Luiz José dos Santos tem 71 anos. Magro, baixinho e com cabelos pretos, passaria, sem dificuldades, por um homem dez anos mais novo. Começou a trabalhar como repórter em Fortaleza, em uma central de notícias dos Diários Associados. Como o salário era ruim, mantinha paralelamente uma sinecura no serviço de radiocomunicação do estado, além de atuar como plantonista da madrugada no jornal Tribuna do Ceará. Cansado da rotina estafante, em que mal tinha tempo para ver os filhos, mudou-se com a família, nos anos 90, para o Crato. Vivera na região quando criança, época em que frequentava o seminário e sonhava em ser padre. “Mas, como eu era muito bonito e as meninas caíam em cima quando me viam com a roupa de coroinha, não deu certo.”

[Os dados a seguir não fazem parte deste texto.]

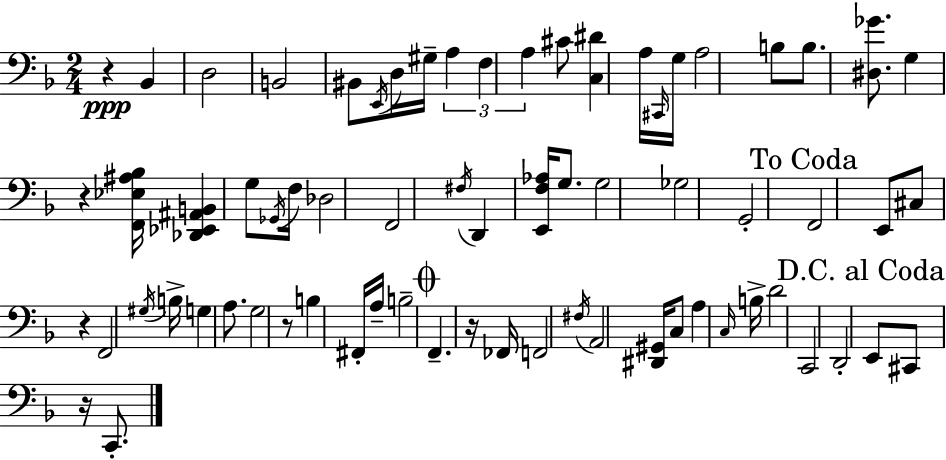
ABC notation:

X:1
T:Untitled
M:2/4
L:1/4
K:F
z _B,, D,2 B,,2 ^B,,/2 E,,/4 D,/4 ^G,/4 A, F, A, ^C/2 [C,^D] A,/4 ^C,,/4 G,/4 A,2 B,/2 B,/2 [^D,_G]/2 G, z [F,,_E,^A,_B,]/4 [_D,,_E,,^A,,B,,] G,/2 _G,,/4 F,/4 _D,2 F,,2 ^F,/4 D,, [E,,F,_A,]/4 G,/2 G,2 _G,2 G,,2 F,,2 E,,/2 ^C,/2 z F,,2 ^G,/4 B,/4 G, A,/2 G,2 z/2 B, ^F,,/4 A,/4 B,2 F,, z/4 _F,,/4 F,,2 ^F,/4 A,,2 [^D,,^G,,]/4 C,/2 A, C,/4 B,/4 D2 C,,2 D,,2 E,,/2 ^C,,/2 z/4 C,,/2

Como primeira iniciativa empreendedora, Santos montou um estúdio fotográfico. Fazia álbuns de casamentos e batizados e, entre um trabalho e outro, enviava reportagens sobre a região para o jornal O Povo, de Fortaleza. Em 1997, criou a Gazeta de Notícias. Sua autoproclamada inspiração foram os jornais The New York Times e, principalmente, a Folha de S.Paulo, cujo dono, Otavio Frias Filho, ele tem na conta de um ídolo. Relata que, certa feita, ligou para a redação do jornal paulista e pediu para falar com o colega. Apresentou-se para a secretária como um proeminente empresário cearense do ramo de comunicação interessado em fazer parcerias. A moça anotou o recado. Dias depois, segundo seu relato, estava na estrada Juazeiro–Crato quando o telefone tocou. Do outro lado, uma voz anunciou que Otavio Frias Filho queria falar. “O-ta-vio Fri-as”, enfatizou Santos, destacando o sobrenome. Ato contínuo, pisou no freio e, tratando de equilibrar o celular entre o ombro e o ouvido, parou o carro no acostamento. “Era como se Jesus Cristo estivesse me ligando.” Santos lamenta apenas que a conversa não tenha prosperado: ele pediu ao dono da Folha que conseguisse anúncios da Nestlé, das “chinelas” Havaianas e da Petrobras para a Gazeta. “Frias disse que aquilo era assunto do departamento comercial”, contou.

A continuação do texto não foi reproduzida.